1

So, I am currently working on System programming for my Unix OS class. All that this program should do is read a binary file and output the lines to a CSV file. I feel like i'm almost done but for some reason I keep getting a segfault.

To clarify: fd1 = input file, fd2 = output file, numrecs = number of records from input file.
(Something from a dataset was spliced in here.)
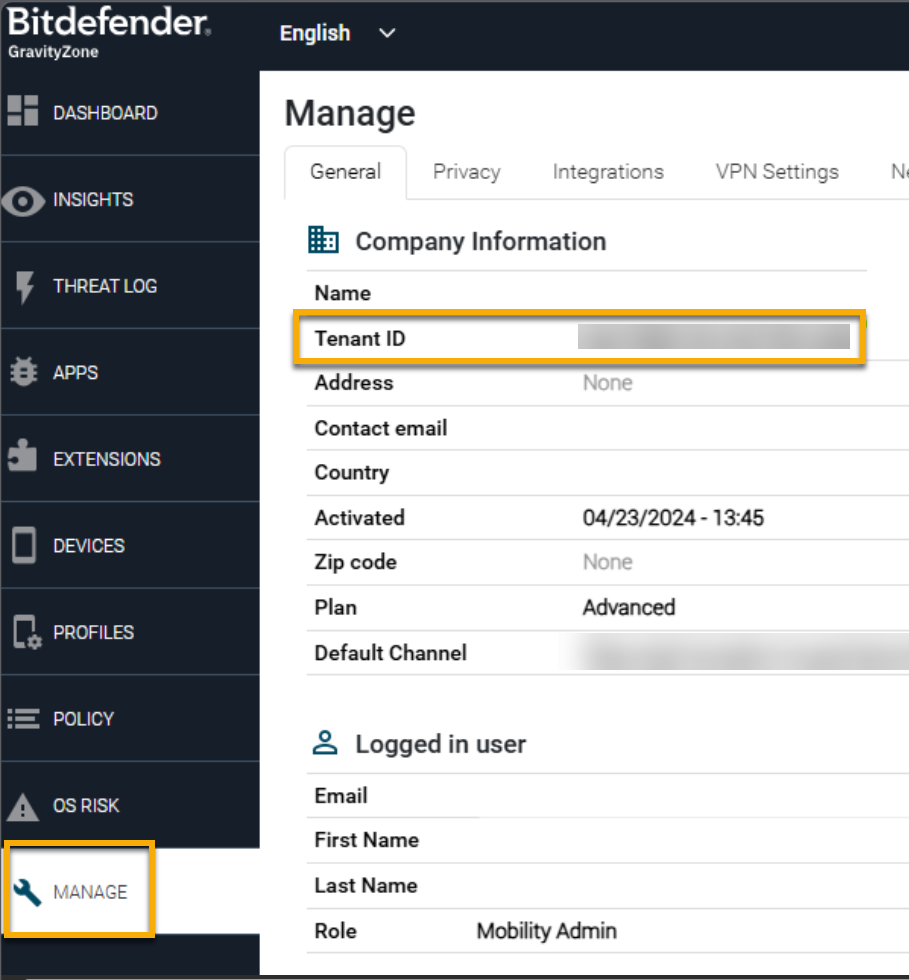 bdgz_mobile security console_manage_tenant id.png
Somewhere in main():

for(i=0;i<numrecs;i++){
    if((bin2csv(fd1, fd2)) == -1){
        printf("Error converting data.\n");
    }
}

int bin2csv(fd1, fd2){
    bin_record rec;
    char buffer[100];
    int buflen;
    strncpy(buffer,"\0", 100); /* fill buffer with NULL */
    recs = &rec;

    /* read in a record */
    if((buflen = read(fd1, &recs, sizeof(recs))) < 0){
        printf("Fatal Error: Data could not be read.\n");        
        return -1;
    }

   sprintf(buffer, "%d, %s, %s, %f, %d\n", recs->id, recs->lname, recs->fname, recs->gpa, recs->iq);
   printf("%s\n", buffer);
   write(fd2, buffer, sizeof(buffer));
   return 0;
}

The segfault is occurring on the line "sprintf(buffer, etc..);" however, I cannot figure out why that is happening.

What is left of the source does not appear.